Islamabad, Pakistan – Former Pakistani military ruler Pervez Musharraf, who backed the United States’ invasion of Afghanistan following the 9/11 attacks, has been buried at a cemetery in the southern city of Karachi with “full military honours”.
Musharraf died of prolonged illness on Sunday at age 79 in Dubai, where he had been living since 2016. He was suffering from amyloidosis, a rare disease that causes organ damage.
Tahir Hussain, a spokesperson for Musharraf’s political party All Pakistan Muslim League (APML), said the former president’s funeral was attended by former army chiefs, senior military officials, and political figures.
“Recently retired army chief General Qamar Javed Bajwa, former chiefs [Mirza] Aslam Beg, Ashfaq Parvez Kayani, as well as former chief of Inter-Services Intelligence General [Ahmad] Shuja Pasha were all in attendance in the funeral prayer,” Hussain told Al Jazeera.
Hussain said that an estimated 3,000-4,000 people attended the funeral prayers at the Malir military cantonment despite strict security. Musharraf’s body was then taken to the army graveyard 20km (12 miles) to the southwest for burial.
Ishaq Khan Khakwani, a former state minister under Musharraf’s rule, who also attended the funeral, said people belonging to all walks of life were present.
Joined so-called ‘war on terror’
Musharraf’s body was brought back to Pakistan on Monday night on a special flight, accompanied by his wife Sehba, and his two children Bilal and Ayla.
Musharraf was handpicked by then-Prime Minister Nawaz Sharif as chief of Pakistan’s army in 1998. But he seized power a year later in a bloodless coup after Sharif tried to remove him as the army chief.
Under Musharraf’s tenure, Pakistan became a key US ally and joined its so-called “war on terror” after the deadly attacks on September 11, 2001.

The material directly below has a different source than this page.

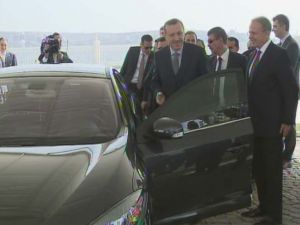 Başbakan Erdoğan, İlk Yerli Elektrikli Otomobili Kullandı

The former military ruler’s nine-year tenure is remembered for gross human rights violations in the South Asian country. He also allowed the US to carry out air raids in Pakistan’s tribal regions bordering Afghanistan.
He resigned as the army chief in 2007 to become president. The same year, Musharraf imposed a state of emergency in the country to suppress massive, nationwide protests against his rule.

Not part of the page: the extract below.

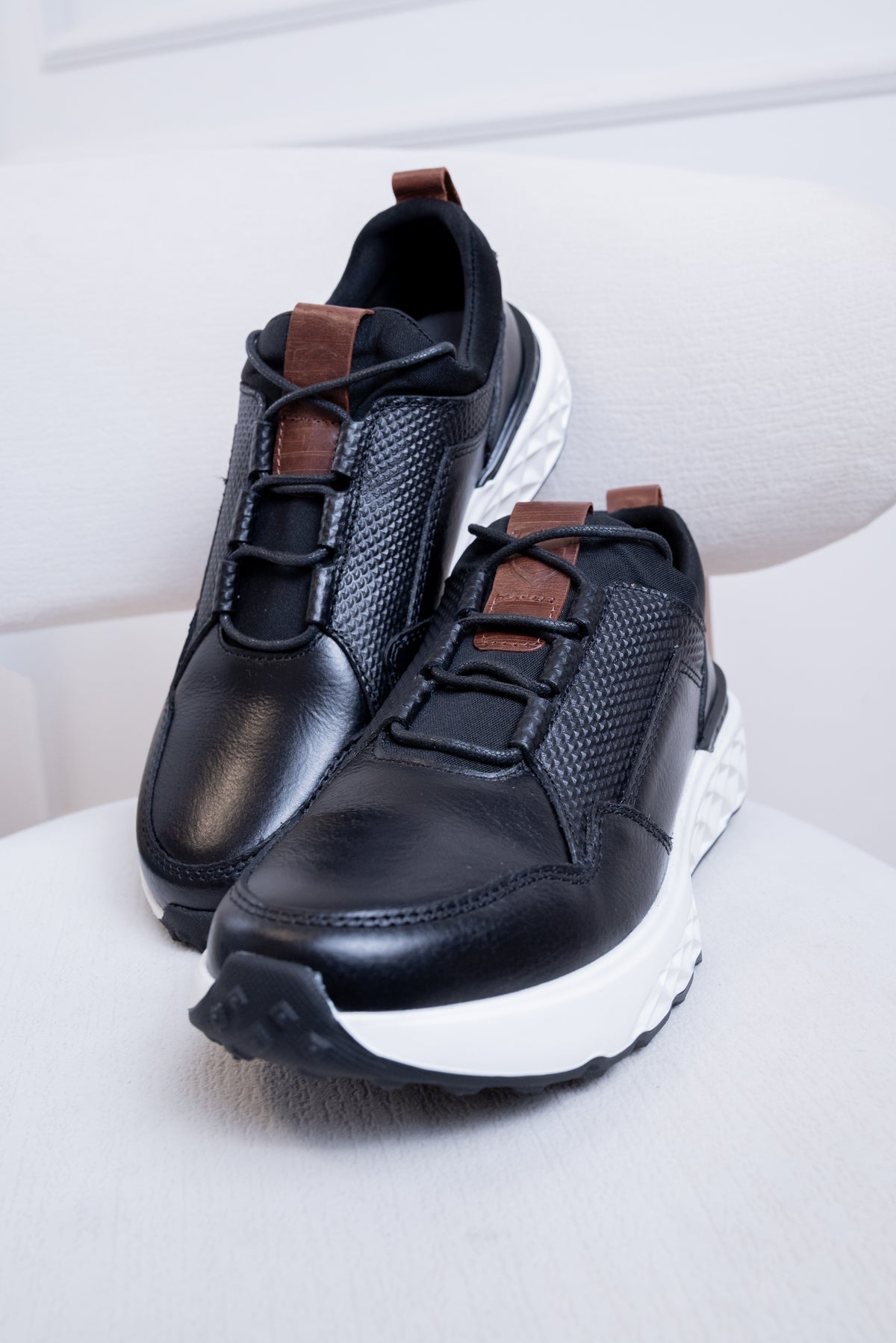 TENIS EN CUERO PARA HOMBRE RF: 3385 -NEGRO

In December of 2007, one of his main critics, former Prime Minister Benazir Bhutto, was assassinated in an attack in the city of Rawalpindi during an election rally. The family of the slain leader accused the general of being behind the killing, which Musharraf denied.
In the general elections held in February 2008, Bhutto’s Pakistan People’s Party emerged victorious. Faced with a threat of impeachment, Musharraf subsequently resigned as the president and eventually left the country for Dubai.

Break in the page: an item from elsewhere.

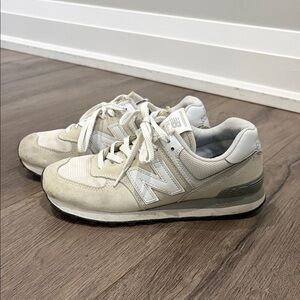 New Balance Women's 574 Sneakers in Grey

He divided his time between London and Dubai during his self-exile.
In 2010, Musharraf founded the All Pakistan Muslim League political party, but suffered a humiliating defeat in the 2013 general elections. Sharif, whom Musharraf had deposed in 1999, came back to power. Musharraf himself was disqualified a month before the 2013 polls.
Sharif’s government initiated a treason trial against Musharraf for suspending the country’s constitution twice during his rule.
In December 2019, a special court found him guilty in absentia of high treason and subverting the constitution and sentenced him to death.
The director of the Pakistan Initiative at the Atlantic Council’s South Asia Center, Uzair Younus, said that while the former general has passed away, “the long and dark shadow of his reign continues to haunt Pakistan”.
“While some, such as citizens of Karachi, still fondly remember him for the development they saw during his era, when these benefits are weighed against the costs incurred by generations of Pakistanis during and after his dictatorship, it is quite clear that generations of Pakistanis lost out due to the choices that Musharraf made,” Younus told Al Jazeera.